What is your design background?
My life has come with many lessons. I learnt to do things by myself, without depending on anyone. I would ask my mom if she could get me certain jeans and she would ask me what was wrong with the ones I already owned. So I decided to resize, patch and reinvent the jeans that I already owned. I borrowed her needle and thread and started working on altering my clothes to match what I saw as popular. From there everyone would come to me with their old straight-cut jeans and I would turn them into boot cuts. That’s how the upcycling idea started.
A large portion of your work uses discarded polyethylene bags. Are there limitations to working with this material?
Polyethylene plastic is very fragile and very challenging to work with, especially when you have to re-form it and give it a different function in fashion. It’s also not as flexible as a normal piece of fabric.
A casual scroll through your socials reveals that you are a proper ‘Nike head’. What is it about the Nike brand that captures you?
I was always into their branding and the whole idea of a logo that can transcend language. The idea that you can take their logo and put it onto something else and make that mean something different is one of the reasons I appropriated the logo so much; I think it’s fascinating to transform a logo that's so geared towards sports and innovation and put it on something that’s not sporty. It’s quite interesting.
Upcycling is a response to a problem – an attempt to reduce waste by reframing what we consider it to be. Have you used – or would you like to use – your talents as a designer and creative to problem solve in other areas?
Definitely. Waste reduction has an impact on so many other areas. It reduces the need for production using new or raw materials, which means a reduction in air pollution, water pollution and greenhouse gas emissions.
Sneaker culture can sometimes lead to excessive consumption but a lot of your work deals with waste reduction. Is it sometimes difficult to square those opposing concepts?

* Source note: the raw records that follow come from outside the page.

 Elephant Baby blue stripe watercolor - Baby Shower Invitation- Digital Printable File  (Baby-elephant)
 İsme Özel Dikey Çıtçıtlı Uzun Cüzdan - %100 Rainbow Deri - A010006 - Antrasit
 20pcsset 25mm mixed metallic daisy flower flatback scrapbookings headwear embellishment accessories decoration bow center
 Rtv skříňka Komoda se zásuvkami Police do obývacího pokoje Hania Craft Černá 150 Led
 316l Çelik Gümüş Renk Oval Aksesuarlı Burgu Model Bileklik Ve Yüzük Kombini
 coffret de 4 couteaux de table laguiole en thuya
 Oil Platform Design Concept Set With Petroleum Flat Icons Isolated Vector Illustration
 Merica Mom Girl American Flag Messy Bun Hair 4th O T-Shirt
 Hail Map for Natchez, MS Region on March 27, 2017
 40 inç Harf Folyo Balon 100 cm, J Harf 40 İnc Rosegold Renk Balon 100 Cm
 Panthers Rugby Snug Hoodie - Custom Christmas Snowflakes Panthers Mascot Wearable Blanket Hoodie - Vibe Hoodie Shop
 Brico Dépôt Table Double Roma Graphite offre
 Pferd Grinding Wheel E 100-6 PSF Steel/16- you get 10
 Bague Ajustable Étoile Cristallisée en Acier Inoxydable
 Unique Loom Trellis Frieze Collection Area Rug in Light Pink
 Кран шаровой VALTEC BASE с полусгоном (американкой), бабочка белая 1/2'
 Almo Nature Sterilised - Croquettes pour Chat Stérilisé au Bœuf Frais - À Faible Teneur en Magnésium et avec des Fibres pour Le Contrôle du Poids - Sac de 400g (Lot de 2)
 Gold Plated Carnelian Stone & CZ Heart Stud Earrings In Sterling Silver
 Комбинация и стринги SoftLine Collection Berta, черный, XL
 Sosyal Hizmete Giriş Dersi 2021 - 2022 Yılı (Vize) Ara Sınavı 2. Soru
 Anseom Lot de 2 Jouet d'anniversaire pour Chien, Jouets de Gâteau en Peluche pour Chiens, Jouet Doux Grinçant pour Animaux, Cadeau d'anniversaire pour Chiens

No, not at all. There are many sneakers on the market that are made up of recycled materials and it shows that sneaker culture is slowly accepting upcycling as a more popular means of production. Sneaker restoration is also something that is becoming increasingly popular.
What steps have you taken to expand @bafreckles_upcyclings?
I recently started working on my own project where I collaborate with other artists. Basically, it involves artists who are willing to part with their clothing and allow me to reimagine the items in the hopes of giving these garments a second life.
What would you consider your biggest personal or professional achievement so far?
I think moving away from the norm and using material that’s not traditionally associated with fashion has been the biggest achievement. I’ve proven that materials like plastic – especially plastic bags – can contain so many more ideas and concepts within them. In that way it’s been a beautiful experience. It just depends on how you look at it and what you want to do with it.
What's next for you?
That’s a question a lot of people ask me. It’s a bit tricky. I can’t predict what’s next but I hope that my work is seen by the world. I would also like to see my work exhibited to give people a chance to see me and what I do in person, because many folks don’t believe that I’m the one who’s really behind all the projects that I’ve been working on.